Energy supply into a semi-infinite $\beta$-Fermi-Pasta-Ulam-Tsingou chain by periodic force loading

TL;DR

This paper investigates how energy is supplied and evolves in a semi-infinite $eta$-Fermi-Pasta-Ulam-Tsingou chain under periodic forcing, analyzing both harmonic and weakly anharmonic cases with theoretical and numerical methods.

Contribution

It provides a new asymptotic approximation for energy transfer in the chain, accounting for both pass-band and stop-band frequencies, and explains energy growth behavior over time.

Findings

Energy grows linearly at non-zero group velocities in the harmonic case.
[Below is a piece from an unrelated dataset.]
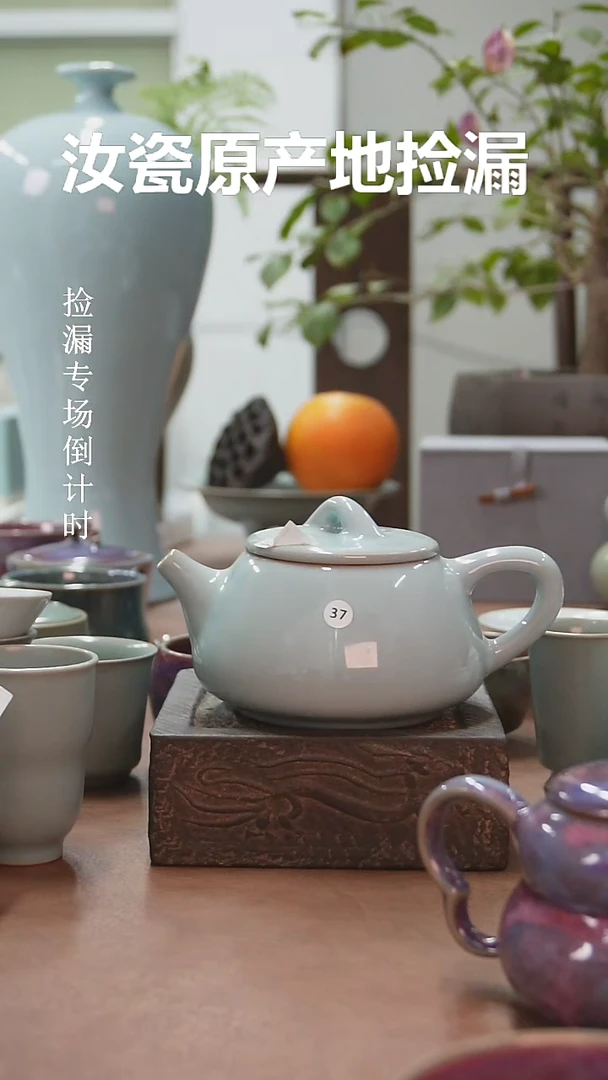 【闪购商品】壶原产地原矿汝瓷器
Energy grows as $\sqrt{t}$ at zero group velocity.

Asymptotic approximation aligns with numerical simulations.

Abstract

We deal with dynamics of the~$\beta$-Fermi-Pasta-Ulam-Tsingou chain with one free end, subjected to the sinusoidal periodic force. We examine evolution of the total energy, supplied at large times. In the harmonic case~($\beta=0$), the energy grows in time linearly at non-zero group velocities, corresponding to the excitation frequency and grows in time as~$\sqrt{t}$ at zero group velocity. Explanation of behavior in time of the energy is proposed by analysis of obtained approximate closed-form expression for the field of particle velocities. In the weak anharmonic case, large-time asymptotic approximation for the total energy is obtained by using the renormalized dispersion relation. Operating of the approximation, we analyze energy transfer at the driving frequencies, lying both in the pass-band and in the stop-band of the harmonic chain. Consistency of the asymptotic assesses with the results of numerical simulations is discussed.